====== DATA

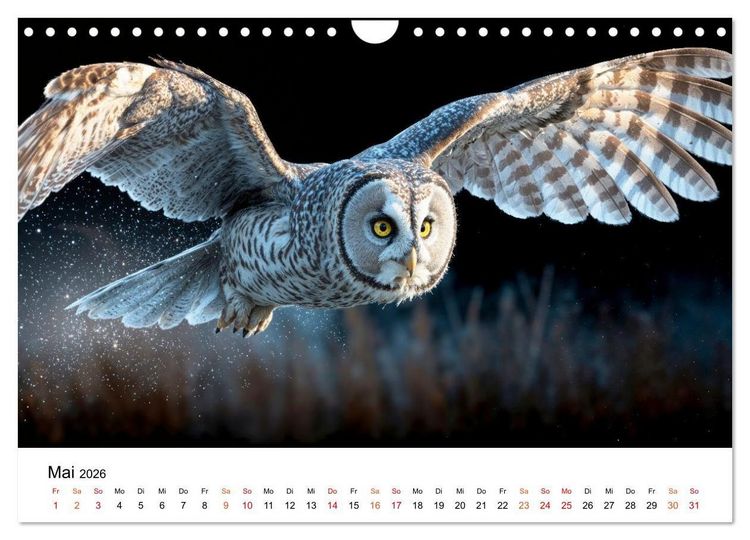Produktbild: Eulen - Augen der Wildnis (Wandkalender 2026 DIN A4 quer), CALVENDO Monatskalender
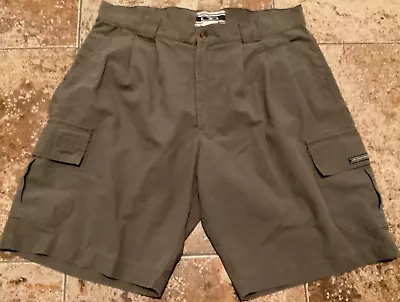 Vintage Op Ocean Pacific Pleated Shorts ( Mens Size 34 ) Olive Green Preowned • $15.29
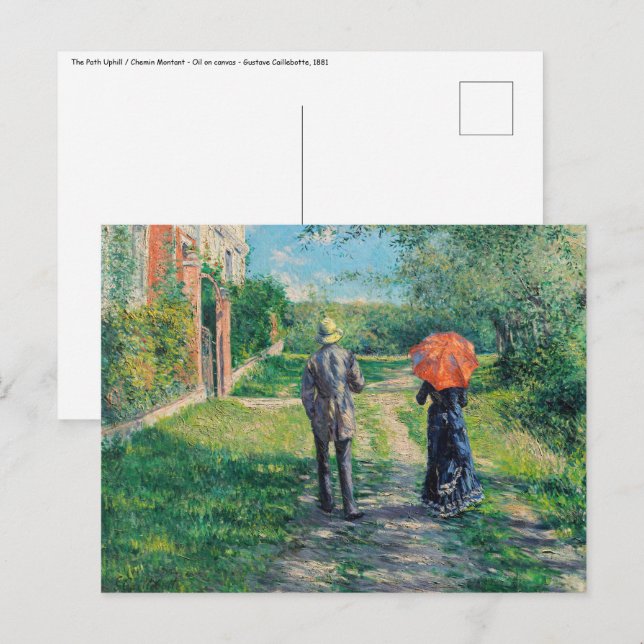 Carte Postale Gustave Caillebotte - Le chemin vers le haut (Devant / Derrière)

============

## [ASSIGNMENT]
The complete material, set down exactly and stripped of pictures, is the expected response.

## [WRITTEN ANSWER]
Produktbild: Eulen - Augen der Wildnis (Wandkalender 2026 DIN A4 quer), CALVENDO Monatskalender
 Vintage Op Ocean Pacific Pleated Shorts ( Mens Size 34 ) Olive Green Preowned • $15.29
 Carte Postale Gustave Caillebotte - Le chemin vers le haut (Devant / Derrière)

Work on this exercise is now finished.